▸ **SOURCE MATERIAL**

⟨

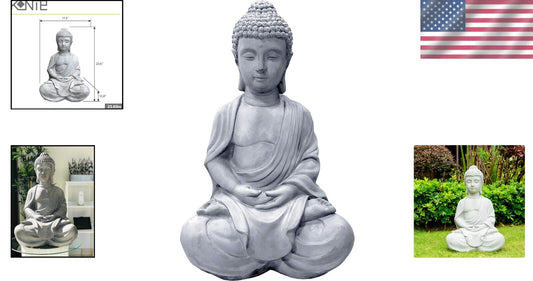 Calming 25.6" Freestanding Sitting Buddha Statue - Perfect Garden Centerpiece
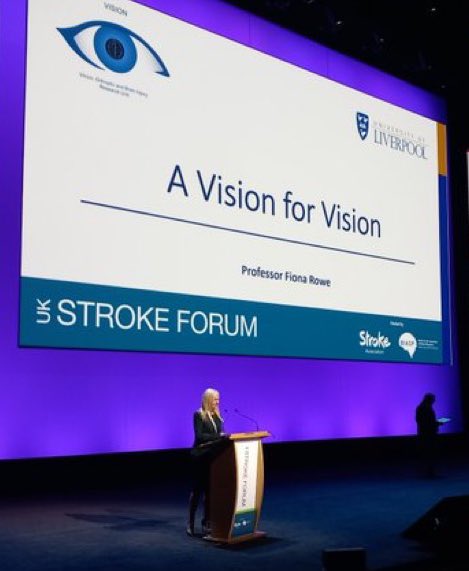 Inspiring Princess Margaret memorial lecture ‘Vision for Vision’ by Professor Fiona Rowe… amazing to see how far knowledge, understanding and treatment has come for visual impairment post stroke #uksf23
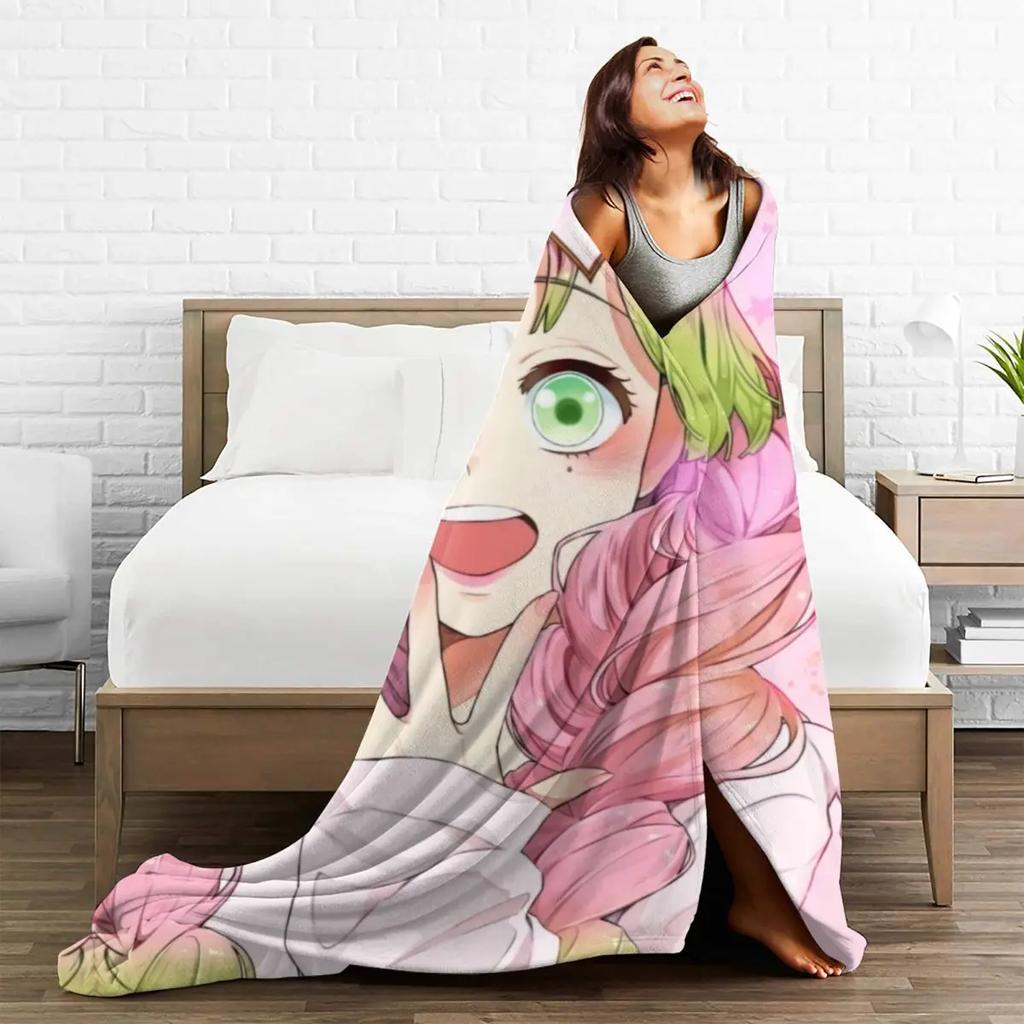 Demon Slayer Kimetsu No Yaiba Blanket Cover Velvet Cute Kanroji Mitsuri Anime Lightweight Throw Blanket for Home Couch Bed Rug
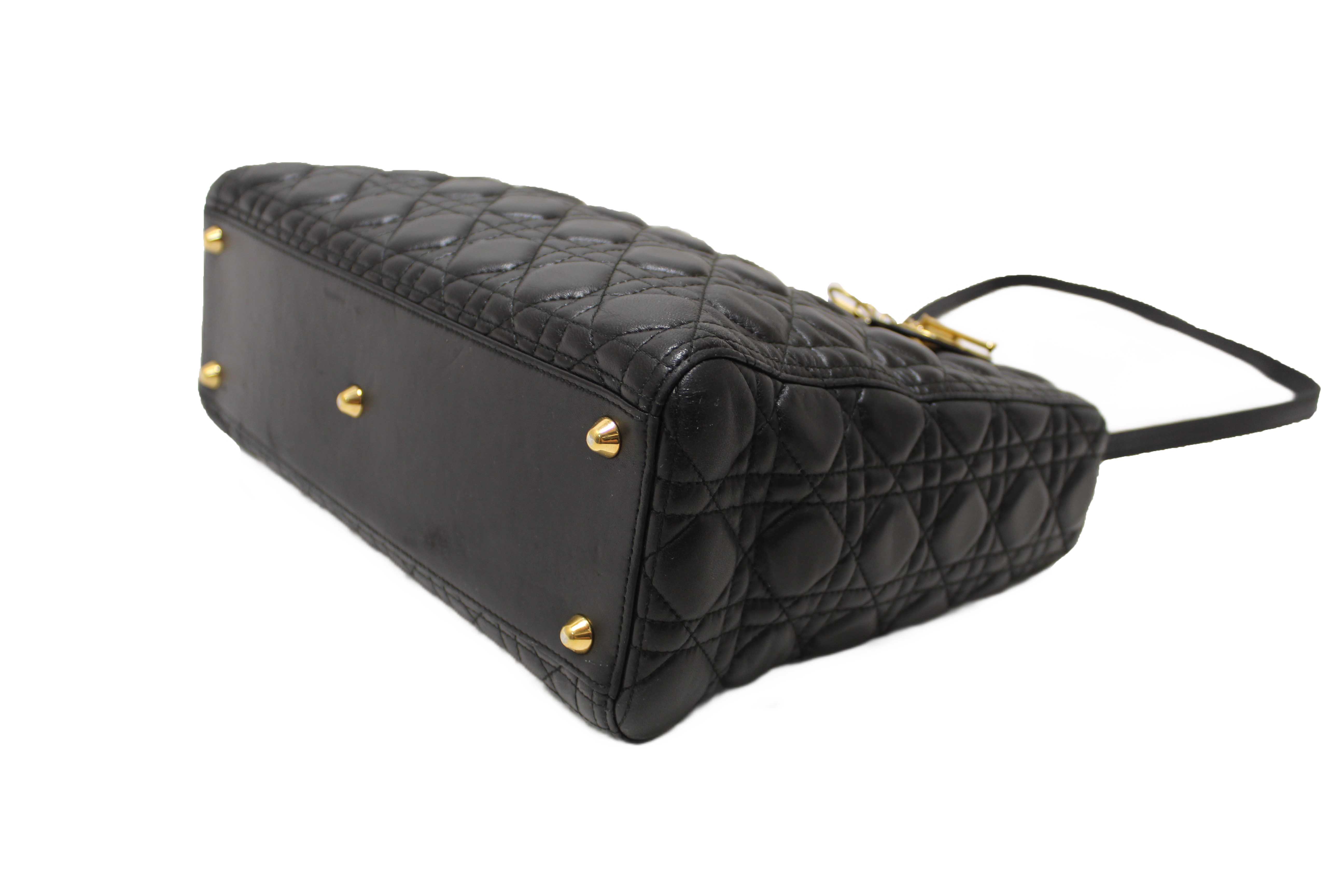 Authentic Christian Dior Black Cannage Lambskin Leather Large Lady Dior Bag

⟩

Everything in the material above is to be reproduced exactly, pictures aside.

 Calming 25.6" Freestanding Sitting Buddha Statue - Perfect Garden Centerpiece
 Inspiring Princess Margaret memorial lecture ‘Vision for Vision’ by Professor Fiona Rowe… amazing to see how far knowledge, understanding and treatment has come for visual impairment post stroke #uksf23
 Demon Slayer Kimetsu No Yaiba Blanket Cover Velvet Cute Kanroji Mitsuri Anime Lightweight Throw Blanket for Home Couch Bed Rug
 Authentic Christian Dior Black Cannage Lambskin Leather Large Lady Dior Bag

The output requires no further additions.